On Mon, 13 Oct 2003, Scott Fritzinger wrote:
> >>Red Hat 7 install.  192 megs of memory (three 64 megs dimms), 16 meg AGP, 40
> >>GIG HD, K2/500 processor.  Install goes great.  Then the reboot.  Reboot
> >>goes to L and hangs.  Put Linux Boot disk in and it will boot to Red Hat 7.
> >>
> >>Conclusion:  MBR troubles.  The LILO didn't install correctly as it hangs on
> >>the Hard Drive Master Boot Record and can't get past the L to LILO.  Booting
> >>from floppy does fine.
> 
> Yup, this is a "1024 cylinder" problem. You can boot from a bootdisk to 
> 'get in'. Put in the bootdisk and at the prompt type in:
>       linux root=/dev/hdXX initrd=
> where 'hdXX' is the drive/partition where you installed linux. This 
> should bring you up to a prompt.
> 
> Then, when logged in, edit lilo.conf and add:
>       lba32
> near the top of the file (anywhere is fine).
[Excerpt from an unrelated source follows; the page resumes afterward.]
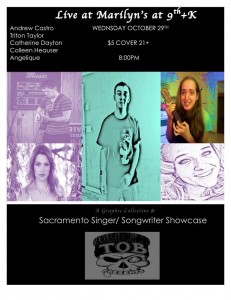concertposter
Save it, and then run
>       lilo
> 
> and see if it spits out a warning about 'lba32' not being recognized. If 
> it isn't recognized, then you will need to update lilo to a newer 
> version that supports booting past the 1024 cylinder boundary. If it 
> doesn't spit up, then it should have 'taken' and you can reboot.

You could also add a /boot partition at the front of the drive (within the
1024 cylinder boundary).  The /boot partition only needs to be 16MB max if
you use lilo - much larger if you use grub.

I had a similar problem upon installation of RH7.1.  My /boot partition
was past the 1024 cylinder boundary and I kept getting the dreaded sig11
error and could not install.  The sig11 error is supposed to be an
indication of memory, processor, or mobo hardware faults.